Thirteen active or former diocesan US Episcopal prelates have pledged support for the new grouping, called the Common Cause Council of Bishops. The new alliance will bring together more than a dozen US and Canadian groups seen as being traditionalist.
Duncan said the bishops hoped the new grouping would be able to forge links with Anglican leaders in other parts of the world angered by the US Episcopal Church’s consecration of Robinson.
A meeting of worldwide Anglican leaders in February gave the US denomination a 30 September deadline to promise that no one living in a same-sex relationship would be made a bishop, and that the US church would not authorise rites for same-sex blessings.
The US denomination’s bishops on 25September said they would exercise ‘restraint’ and not consecrate openly homosexual people as bishops, but they also reaffirmed their commitment to the full participation of gay and lesbian persons in the Church.

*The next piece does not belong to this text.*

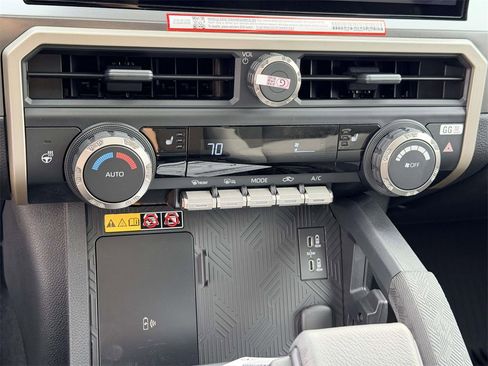 Used 2025 Toyota Tacoma TRD Off-Road image 5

Nigerian Anglican Archbishop Peter Akinola, who has played a prominent role among African and Asian prelates angry with the US church, rejected the statement by the bishops of the US Episcopal Church.
‘The unequivocal assurances that we sought have not been given,’ Akinola said, quoted by Episcopal News Service.
He said the leaders of the US Episcopal Church had ‘once again … ignored’ pleas by others within the Anglican Communion to reverse course on sexual issues.
Many Anglican leaders from Africa, Asia and Latin America are opposed to the views of what they say is a minority from the West who are tolerant of homosexuality in the Church.